Migrating alerting from our old SaaS tool was more manual, but Grafana Cloud’s wider integration support made it easier to recreate everything, including on-call schedules and escalations.
Metrics was the most complex step. First, we cleaned up and reduced the metrics being sent, removing unused ones, lowering cardinality, and relabeling where needed. This effort alone helped us cut down around 80% of what we were originally sending. We then configured Grafana Alloy to send only the optimized set of metrics to Grafana Cloud. Migrating dashboards and alerts using Grafana’s open source tool, Grizzly, was actually one of the easiest parts of the entire process.
How has the migration changed things for your teams today?
Ipuvi: The biggest impact has been on our Platform Engineering team’s operational overhead, which has dropped dramatically. They no longer need to worry about upgrades, HA/DR planning, or maintaining observability across eight clusters. It’s all handled by Grafana Cloud now.
For our developers, the debugging experience has improved significantly. Previously, they had to jump between three or more tools to find the root cause of an issue. Now, everything is in one place. For example, if an API request fails, the alert includes a direct link to the trace and logs. What used to take 45 minutes to an hour now takes about 10 to 15 minutes.
Were there any cost savings from decommissioning your previous tools? Can you quantify those savings?
Ambarish: By moving to Grafana Cloud, we were able to modernize our entire observability stack without increasing costs. In fact, we’re now saving thousands annually compared to our previous setup, which combined open source tools and various SaaS solutions.
To put it simply, we migrated our full observability stack to the cloud and ended up spending less than before.
Can you share how teams are working differently now with Grafana Cloud? Is there more collaboration?
Ipuvi: The collaboration has become much easier. Instead of handing off a trace ID and log timestamps and asking someone to investigate, we can now simply point them to a unified dashboard that shows everything they need—logs, traces, metrics—in one place. It’s much more self-service, which frees up the platform team and empowers developers to debug on their own.
We’ve also started creating reusable dashboard templates. If one team builds a helpful visualization, other teams can easily duplicate it and plug in their own data. That kind of sharing was possible before, but Grafana Cloud makes it far more seamless.
Another big win is around cost visibility. We now have real-time ingestion dashboards and alerting tied to budget thresholds, so teams can track their own usage and spot anomalies faster. And with help from the Grafana Labs team, we’re working on team-level cost attribution, which will let every team monitor their own observability spend, another step toward true accountability and cross-team ownership.
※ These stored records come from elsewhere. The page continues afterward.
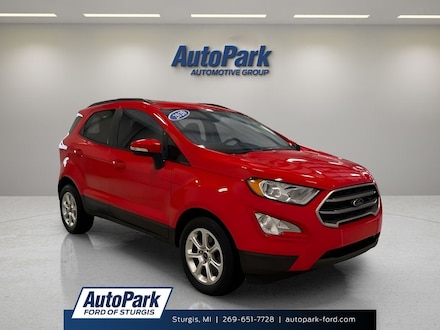 2020 Ford EcoSport SE SUV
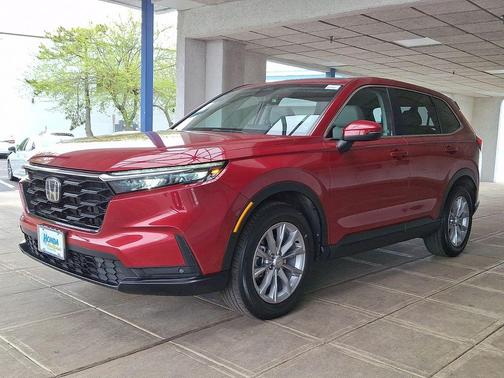 Red 2023 Honda CR-V EX-L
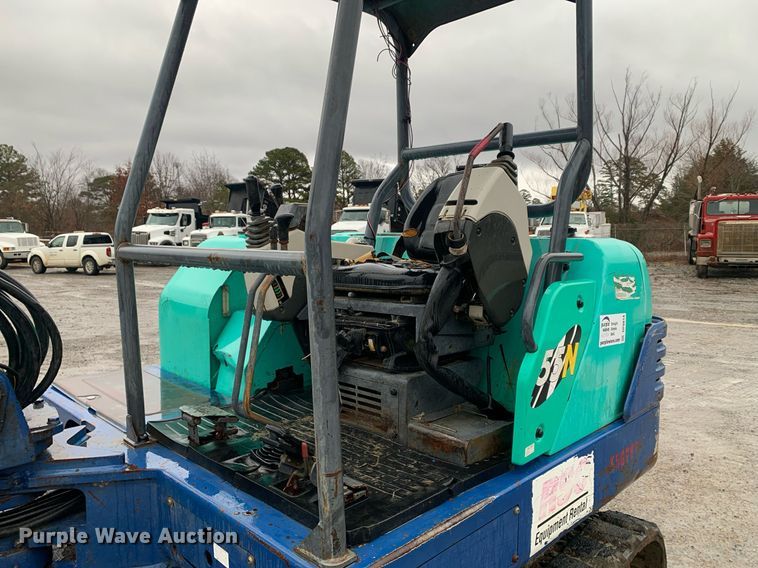 image for item DP8814 2005 IHI 55N2 mini excavator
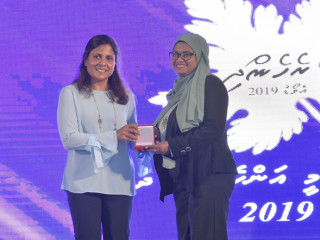 Moomina Khaleel, new CEO of the children’s home, Kudakuhdhinge Hiyaa, in Villimalé.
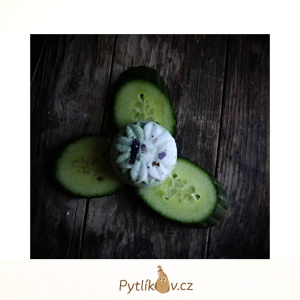 Mýdlárna Erdé Okurková šumivá bombička 25 g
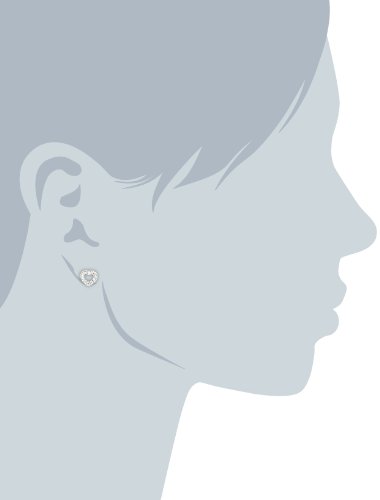 Pandora Damen-Ohrringe 925 Sterling Silber Zirkonia weiß 290528CZ -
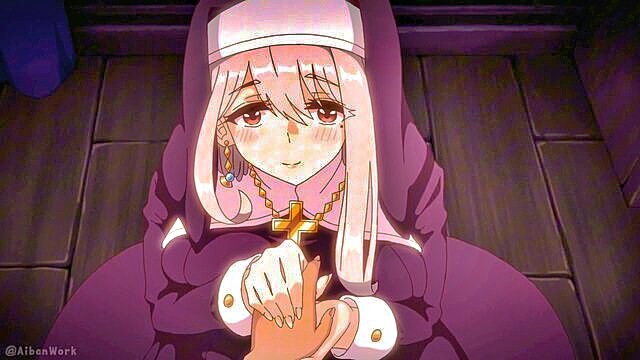 pornstar, 60 fps, hentai - sister maria night treatment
Looking ahead, what upcoming initiatives are you most excited about, and how do you see them aligning with your team’s or company’s goals?
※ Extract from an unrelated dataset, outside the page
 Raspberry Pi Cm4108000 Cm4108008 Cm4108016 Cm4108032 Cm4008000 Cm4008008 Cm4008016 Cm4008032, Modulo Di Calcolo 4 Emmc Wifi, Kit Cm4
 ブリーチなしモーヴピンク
Ambarish: We’re especially excited about exploring Application Observability, which is a key focus later this year. We’ve already started using Synthetic Monitoring in Grafana Cloud for functional monitoring on our newly launched product, MiQ Sigma, our AI-powered advertising technology, and the experience so far has been promising.
On the engineering side, we’ve moved from local load testing tools like JMeter to running load tests in Grafana Cloud, which is much easier to manage and scale. We’re also exploring browser checks and AI-based optimization for metrics and logs. Over time, this could help us decommission more tools like Cypress and consolidate even further into Grafana Cloud.